Dataset entries:
^^^^^^^^^^^^^^^^
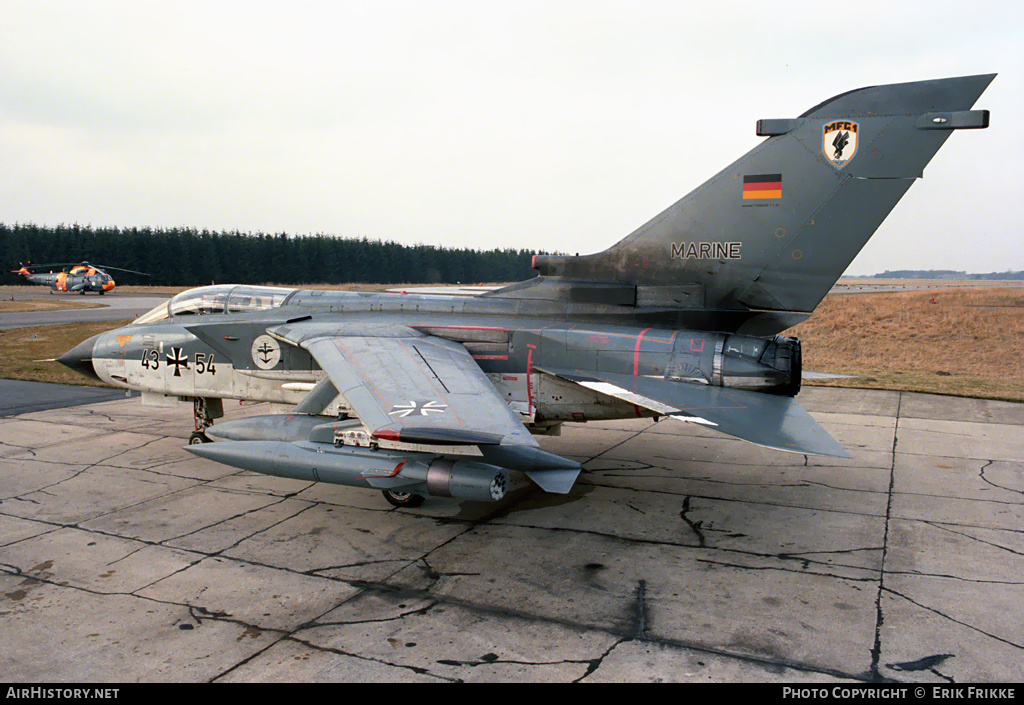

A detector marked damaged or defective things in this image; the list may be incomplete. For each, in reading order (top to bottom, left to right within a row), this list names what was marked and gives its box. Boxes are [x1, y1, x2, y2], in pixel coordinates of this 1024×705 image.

cracked concrete tarmac [0, 384, 1020, 680]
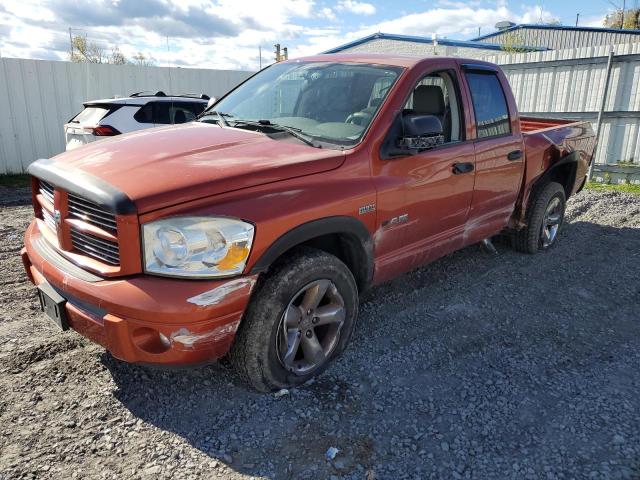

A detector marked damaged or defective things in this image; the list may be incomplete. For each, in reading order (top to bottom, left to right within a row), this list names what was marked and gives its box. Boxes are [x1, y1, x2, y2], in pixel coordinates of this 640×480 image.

dented body panel [22, 53, 596, 368]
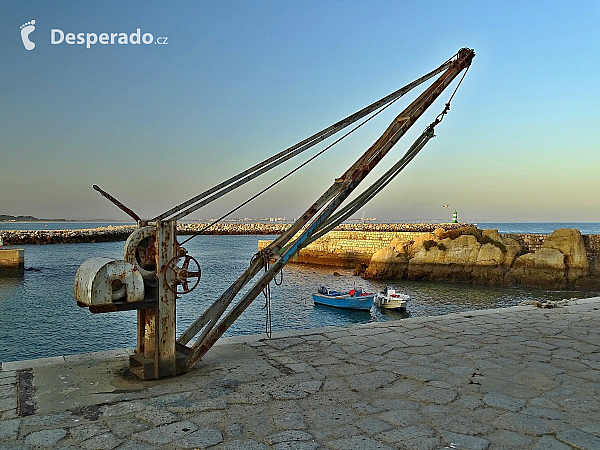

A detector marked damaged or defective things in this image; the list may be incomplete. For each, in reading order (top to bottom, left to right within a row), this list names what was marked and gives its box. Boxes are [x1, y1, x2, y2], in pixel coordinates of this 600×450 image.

rusty dock crane [74, 48, 474, 380]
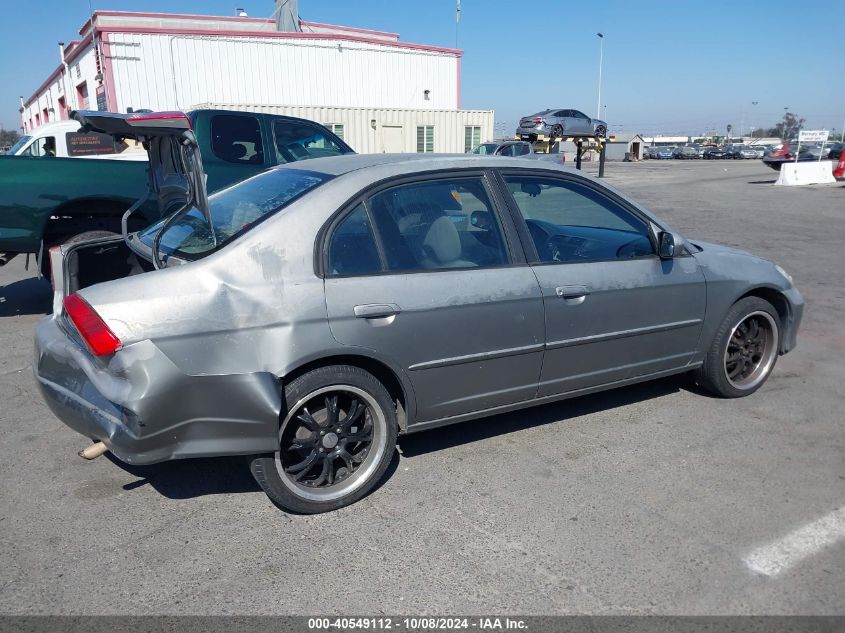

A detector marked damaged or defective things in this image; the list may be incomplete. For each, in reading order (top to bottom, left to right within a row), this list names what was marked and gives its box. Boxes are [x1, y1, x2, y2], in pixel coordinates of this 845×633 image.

damaged rear bumper [33, 316, 280, 464]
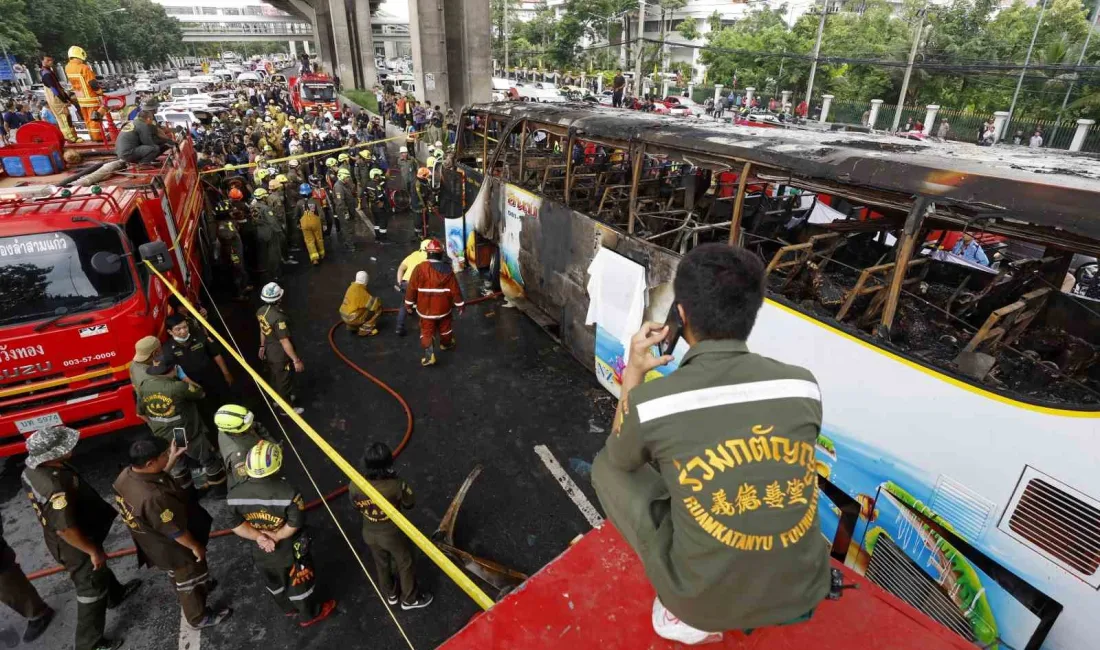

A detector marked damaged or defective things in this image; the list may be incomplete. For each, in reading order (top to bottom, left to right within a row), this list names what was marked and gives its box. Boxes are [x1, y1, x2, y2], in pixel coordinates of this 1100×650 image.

burned bus [448, 104, 1100, 648]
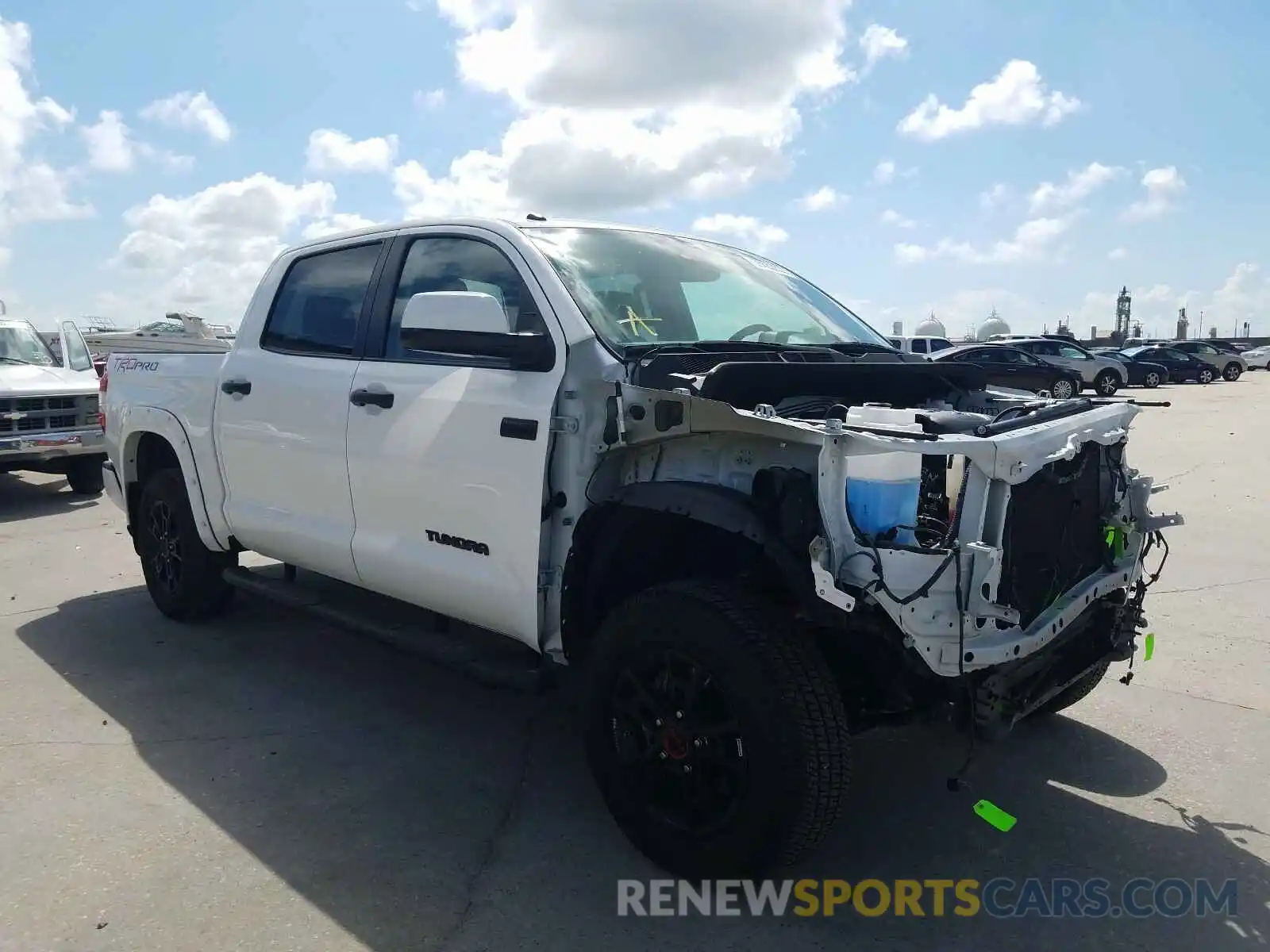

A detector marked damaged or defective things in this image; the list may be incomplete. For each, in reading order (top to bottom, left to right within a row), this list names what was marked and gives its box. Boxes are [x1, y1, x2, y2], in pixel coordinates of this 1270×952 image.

damaged front end [584, 358, 1178, 736]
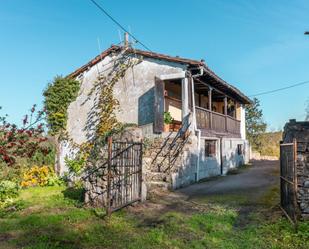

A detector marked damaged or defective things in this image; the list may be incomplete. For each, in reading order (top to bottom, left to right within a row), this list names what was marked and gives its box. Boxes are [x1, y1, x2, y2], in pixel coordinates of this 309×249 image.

rusty iron gate [105, 137, 143, 215]
rusty iron gate [278, 140, 298, 224]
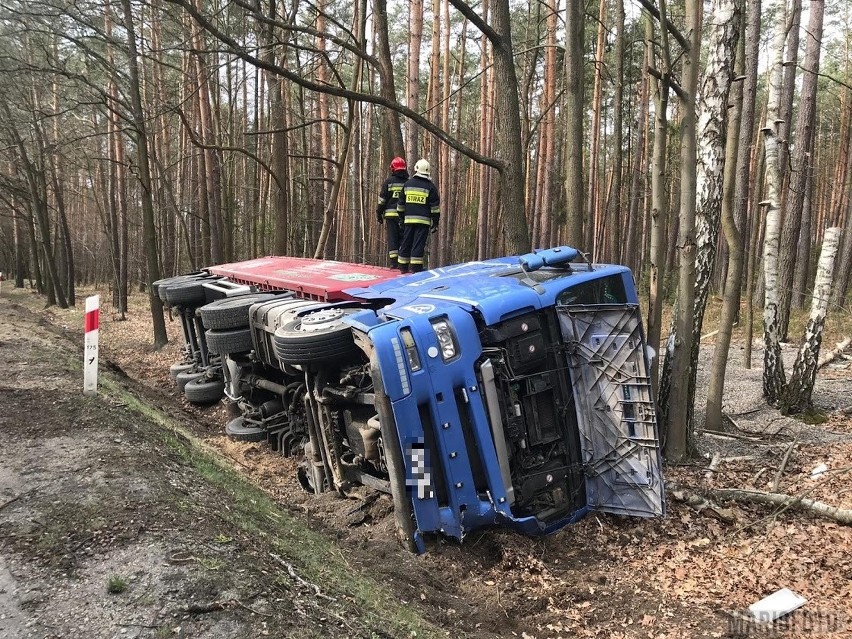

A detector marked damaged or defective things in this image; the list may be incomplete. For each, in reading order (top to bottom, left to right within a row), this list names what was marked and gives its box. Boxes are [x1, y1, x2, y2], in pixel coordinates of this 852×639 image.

overturned semi-truck [153, 248, 664, 552]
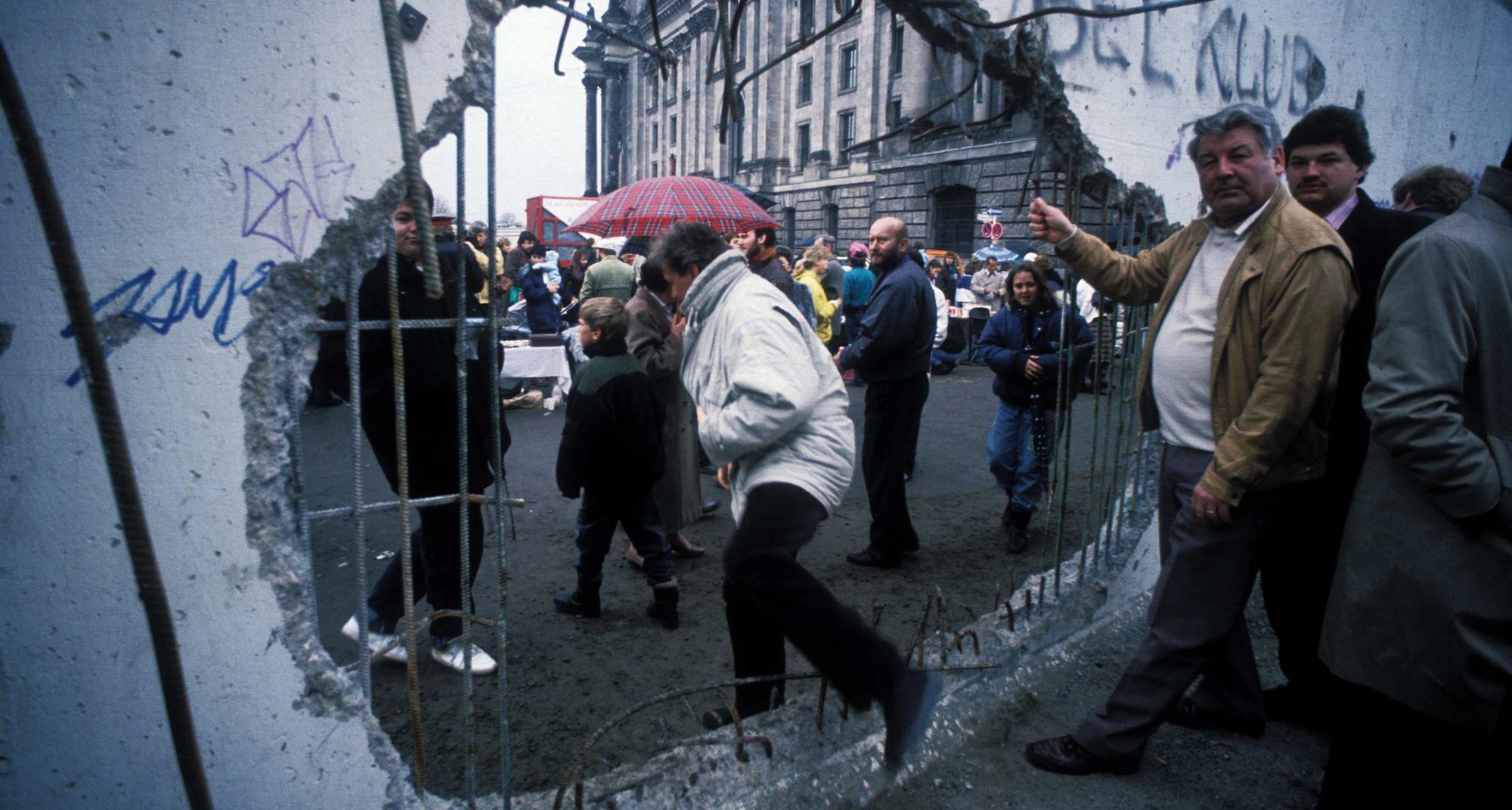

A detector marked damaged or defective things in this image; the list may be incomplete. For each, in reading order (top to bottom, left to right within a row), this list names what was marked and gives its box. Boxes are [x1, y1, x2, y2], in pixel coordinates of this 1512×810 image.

broken concrete edge [883, 0, 1173, 228]
broken concrete edge [239, 3, 505, 804]
broken concrete edge [502, 450, 1161, 810]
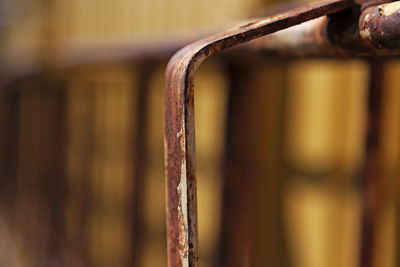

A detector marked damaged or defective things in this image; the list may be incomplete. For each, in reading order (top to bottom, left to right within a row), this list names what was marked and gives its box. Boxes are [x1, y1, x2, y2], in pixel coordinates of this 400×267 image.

rusty metal rail [163, 0, 400, 267]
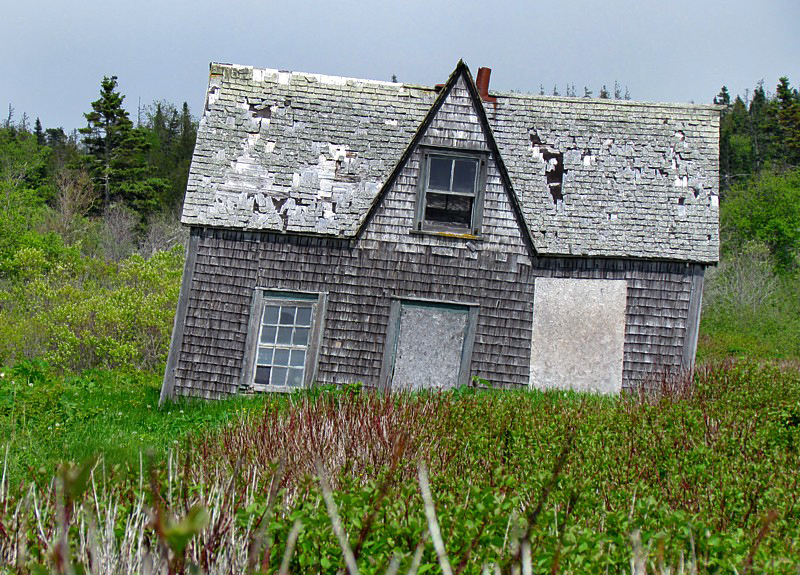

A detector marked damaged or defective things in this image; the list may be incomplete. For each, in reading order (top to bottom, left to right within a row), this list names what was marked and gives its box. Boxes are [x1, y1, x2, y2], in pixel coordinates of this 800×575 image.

broken attic window [422, 153, 484, 236]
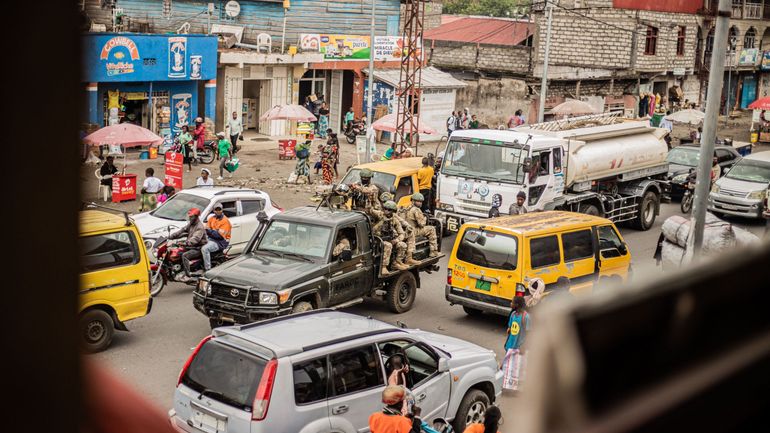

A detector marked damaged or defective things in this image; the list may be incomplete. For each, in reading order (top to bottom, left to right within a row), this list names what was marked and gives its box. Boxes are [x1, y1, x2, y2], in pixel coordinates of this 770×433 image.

rusty roof [420, 15, 536, 46]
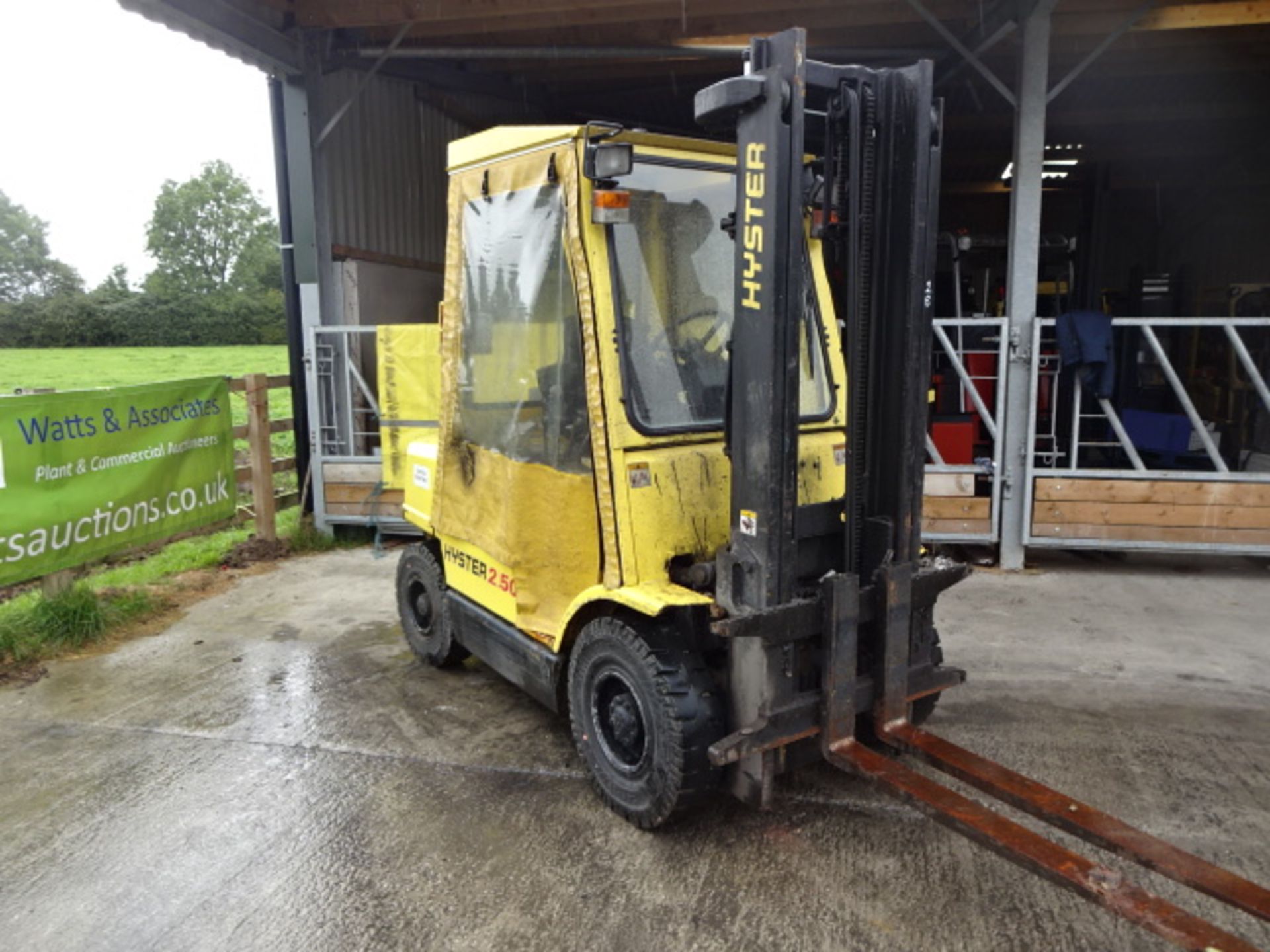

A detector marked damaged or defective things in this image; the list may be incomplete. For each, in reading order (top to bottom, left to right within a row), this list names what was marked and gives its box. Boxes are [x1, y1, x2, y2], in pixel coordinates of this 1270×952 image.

rusty fork tine [836, 740, 1259, 952]
rusty fork tine [884, 725, 1270, 926]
^^^^^^^^^^^^^^^^
» **What you need to do**: For every line above, produce an exact transcription that omits the images.

» **Answer for the task**:
A detector marked damaged or defective things in this image; the list may be incomplete. For each, in reading order (top to bottom, left to right within a row), this list names what was marked and gives its box. Boxes are [x1, y1, x2, y2], in pixel coordinates of this 1024×705 image.

cracked concrete tarmac [0, 384, 1020, 680]

A detector marked damaged or defective things in this image; the list may be incomplete. For each, in reading order (top to bottom, left to right within a row), this list names what was marked and gives its box. Boxes are [x1, y1, x2, y2], in pixel coordinates of this 640×480 image.

dented body panel [22, 53, 596, 368]

A detector marked damaged or defective things in this image; the list may be incomplete. For each, in reading order (top to bottom, left to right within a row), this list names what was marked and gives its box. Boxes are [x1, y1, x2, y2], in pixel coordinates of this 600×450 image.

rusty dock crane [74, 48, 474, 380]

A detector marked damaged or defective things in this image; the list may be incomplete. For each, in reading order (top to bottom, left to right within a row), this list names what was marked and gives its box. Boxes are [x1, y1, x2, y2], in pixel coordinates of this 845×633 image.

damaged rear bumper [33, 316, 280, 464]

A detector marked damaged or defective things in this image; the list may be incomplete. For each, in reading order (top to bottom, left to right within a row), this list names what was marked and gives its box. Boxes are [x1, y1, x2, y2], in pixel coordinates of this 1100×650 image.

burned bus [448, 104, 1100, 648]

A detector marked damaged or defective things in this image; the list may be incomplete. For each, in reading order (top to bottom, left to right within a row), this list names what was marked and gives its box. Boxes are [x1, y1, x2, y2], in pixel coordinates of this 1270×952 image.

damaged front end [584, 358, 1178, 736]

A detector marked damaged or defective things in this image; the list may be incomplete. For each, in reading order (top to bottom, left to right within a row), this list names what was marked and gives its box. Boxes are [x1, y1, x2, y2], in pixel coordinates of this 309×249 image.

rusty iron gate [105, 137, 143, 215]
rusty iron gate [278, 140, 298, 224]

A detector marked damaged or defective things in this image; the list may be incomplete. For each, in reading order (top to bottom, left to right within a row), this list names what was marked and gives its box. Boxes are [x1, y1, x2, y2], in pixel coordinates of this 852×639 image.

overturned semi-truck [153, 248, 664, 552]

A detector marked damaged or defective things in this image; the list may be incomplete. For each, in reading order (top to bottom, left to right within a row), this list names what was marked and gives its box. Boxes are [x1, y1, x2, y2], in pixel coordinates of this 1512×810 image.

broken concrete edge [883, 0, 1173, 228]
broken concrete edge [239, 3, 505, 804]
broken concrete edge [502, 450, 1161, 810]

A detector marked damaged or defective things in this image; the list may be incomplete. For each, in reading order (top to bottom, left to right within a row), this list names what was marked and gives its box. Boxes are [x1, y1, x2, y2], in pixel coordinates of this 400×267 image.

rusty metal rail [163, 0, 400, 267]

A detector marked damaged or defective things in this image; the list may be incomplete. For each, in reading order (top to bottom, left to right within a row), this list names what was marked and gives its box. Boxes are [x1, y1, x2, y2], in pixel coordinates of this 800×575 image.

broken attic window [422, 153, 484, 236]

A detector marked damaged or defective things in this image; the list may be incomplete. For each, in reading order (top to bottom, left to right within a row), this list names what was marked and gives its box. Boxes are [x1, y1, x2, y2], in pixel coordinates of this 770×433 image.

rusty roof [420, 15, 536, 46]

A detector marked damaged or defective things in this image; the list may be incomplete. For each, in reading order (top to bottom, left to right within a row), this list names what was marked and gives its box. Boxes are [x1, y1, x2, y2], in pixel coordinates of this 1270×952 image.

rusty fork tine [836, 740, 1259, 952]
rusty fork tine [884, 725, 1270, 926]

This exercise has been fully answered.